With the help of Dartmouth Films and some very skilful producers, with great editing and wonderful music (composed by Chris Roe), the film existed, and more that that, it said something important about cricket and what it meant to people.
There was a premiere at the Sheffield Documentary Festival, where the audience actually booed at Giles Clarke's final screen appearance, and clapped at the end. In the pub afterwards, I realised how many people that I'd never met had made amazing contributions to the film, and how big a project even an indie film like this one is. There was a screening at the BFI where Lalit Modi sat a few seats away, paying rapt attention to his on-screen appearances and then doing a hilarious Q&A where it became apparent that - to Lalit anyway - he was the hero of
Death Of A Gentleman. The ECB's PR man watched it open-mouthed. There was an official first showing at the beautifully restored Picture House near Piccadilly Circus, where the cinema was full and Michael Holding and Gideon Haigh did a Q&A too.

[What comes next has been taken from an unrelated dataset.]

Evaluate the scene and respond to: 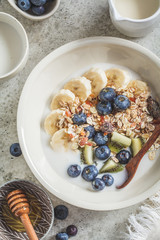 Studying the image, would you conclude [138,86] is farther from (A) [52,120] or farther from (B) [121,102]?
(A) [52,120]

Some people felt (and feel) that the film has no 'smoking gun', and to the extent that it's not a Scooby Doo 'if it wasn't for you meddling kids' expose, that's true. And yet
DOAG weighs against it a kind of cumulative force that comes from its moral outrage at seeing the sport carved up by its richest participants. It points out a direct link between the (then) most powerful administrator in cricket, N. Srinivasan, and corruption in the IPL. It refocusses on Lord Woolfe's damning critique of ICC governance dismissed on screen by Giles Clarke - who was about to move to the ICC. And it has heart, from Sam and Jarrod and their friendship with Ed Cowan, who lives the dream and then the nightmare, and reacts to both with unflinching honesty.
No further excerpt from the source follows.